In general, you want to pay more for senior staff, less for junior staff, and almost nothing for overhead. Our consultancy
has a model where we can make money selling the time of very senior consultants for about $600 an hour. We make this affordable
to clients by not giving lots of work to junior staff who have to figure it out on the job—it costs less to pay for three
hours at $600 than 20 hours at $150. Many of the things that junior agency staff know how to do (bulk e-mailing, for example)
can be done more cheaply and more efficiently by administrative staff or contractors. In an age of virtual teams, agencies
do not need slick offices in big cities; if they still have them, you're footing the bill—the more opulent the meeting room,
the less senior staff time you will get.
Review progress on each contract at a meeting every quarter—follow it with a quick e-mail restating what you are happy with
and what you're not. The former will motivate the team; the latter will help them get better. If one task is going wrong,
assign it to someone else. When you need to change the task, change the agreement.
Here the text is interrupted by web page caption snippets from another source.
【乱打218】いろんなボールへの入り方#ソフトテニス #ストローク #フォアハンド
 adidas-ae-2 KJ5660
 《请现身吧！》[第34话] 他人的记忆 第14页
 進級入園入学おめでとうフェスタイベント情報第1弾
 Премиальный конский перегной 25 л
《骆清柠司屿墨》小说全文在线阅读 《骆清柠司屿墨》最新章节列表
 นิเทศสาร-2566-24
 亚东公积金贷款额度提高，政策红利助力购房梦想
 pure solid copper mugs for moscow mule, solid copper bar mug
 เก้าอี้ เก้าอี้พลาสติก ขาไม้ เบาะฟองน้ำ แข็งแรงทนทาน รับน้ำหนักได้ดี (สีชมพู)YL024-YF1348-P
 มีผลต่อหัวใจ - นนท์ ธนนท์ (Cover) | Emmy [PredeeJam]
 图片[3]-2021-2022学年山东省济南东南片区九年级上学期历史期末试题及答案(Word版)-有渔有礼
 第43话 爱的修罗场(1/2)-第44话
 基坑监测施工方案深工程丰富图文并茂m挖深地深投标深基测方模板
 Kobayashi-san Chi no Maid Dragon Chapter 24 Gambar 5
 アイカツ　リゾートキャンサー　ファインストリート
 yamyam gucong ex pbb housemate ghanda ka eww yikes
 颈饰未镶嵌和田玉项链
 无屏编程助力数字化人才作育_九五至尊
This does not need to be a big legal amendment,
just an e-mail setting out which of your expectations have changed and what the implications are for the budget, including
due dates, deliverables, etc. (Or get them to confirm these changes back to you.) If you want their blue sky thinking, add
a contract line for "ad hoc counsel." Make sure that you get monthly reports on how far they have progressed toward their
targets, and how much they've spent.
7 Name the team in the agreement. Set out which individual will do what sorts of work—the young man with acne will probably do a very good job on meeting reports,
but you want the superstar for your ad hoc counsel budget line. Be clear about who your day-to-day contact will be. Spend
time with him or her one-on-one before you agree to the contact. It's not a guarantee about who will actually do the work,
but it does make clear the expectations. When a significant person leaves, retain the right to end the contract within a reasonable
notice period. This will enrage the agency, but is a perfectly fair request—the chances are you hired one or two people who
wowed you, not some long-retired founder's vision.
Most of all, remember my friend David's key point: If we make a decision to treat one another with respect and honesty, all
sorts of unlikely alliances will work beautifully.